Yes, in a supporting role. ChatGPT is useful for interpreting crawl data, identifying patterns in large spreadsheet exports, and drafting client-facing explanations of technical issues. It won’t replace a proper audit using Screaming Frog, Ahrefs, or a dedicated technical audit framework, but it can speed up the analysis and reporting phases significantly. We’ve found it particularly useful for writing implementation briefs for developers based on audit findings.
How do AI Overviews affect keyword targeting strategy?
AI Overviews predominantly appear for informational queries, so the targeting implication is to prioritise content that either earns citation within AI-generated answers or focuses more heavily on transactional and commercial intent terms where AI Overviews are less prevalent. Informational content still matters for topical authority and brand visibility, but click-through expectations for that content type should be adjusted. Track branded search volume as a proxy for awareness driven by AI Overview appearances.
Is it worth building workflows around specific AI tools when they change so frequently?
The honest answer is yes, with the caveat that your workflow logic should be tool-agnostic wherever possible. Build around the process: what information do you need, what decision does AI help you make faster, and where does human judgement sit in the chain. Specific tools like ChatGPT, Claude, or Perplexity will evolve, and your workflow should be able to swap components without needing a full rebuild. Document your prompting frameworks so they’re transferable across models.
How do you explain AI-integrated SEO services to clients who are sceptical?
Frame it around consistency and capacity, not novelty. Most clients care about outcomes: more content, better-targeted outreach, faster audits. Explaining that AI tools allow your team to process more data and move faster on execution, while human expertise remains the quality filter, tends to land well. Avoid leading with the AI angle in pitches; lead with the results and address the tooling when asked. Clients who are sceptical of AI often respond better to seeing process documentation than to high-level claims.

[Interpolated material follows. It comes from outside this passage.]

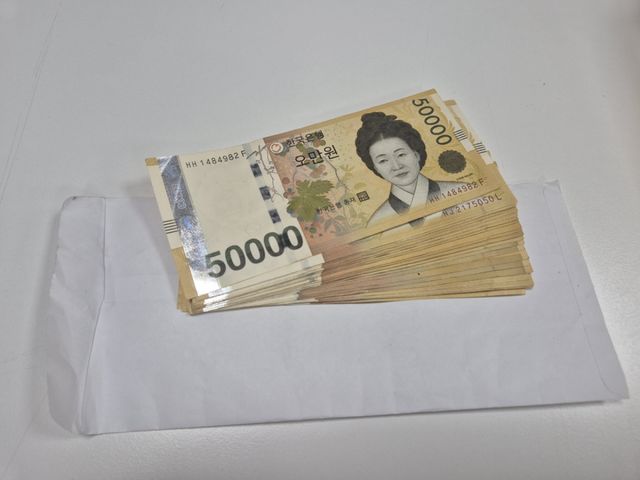 동두천시 생연2동의 한 기초생활수급자가 더 어려운 이웃을 위해 익명으로 기부한 현금 150만원의 모습. 생연2동 행정복지센터 제공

The integration of ChatGPT into SEO workflows isn’t a trend to watch from a distance. It’s already shaping how agencies compete on output volume, prospecting efficiency, and content strategy depth. The agencies winning right now aren’t using more AI than their competitors. They’re using it more carefully, with clearer human review stages and more disciplined prompt frameworks.
If you’re starting from scratch, pick one workflow to systematise first. Prospecting is the lowest-risk entry point with clear efficiency gains. Build your prompt library, document what works, and expand from there. The goal is a repeatable process, not a dependency on any single tool.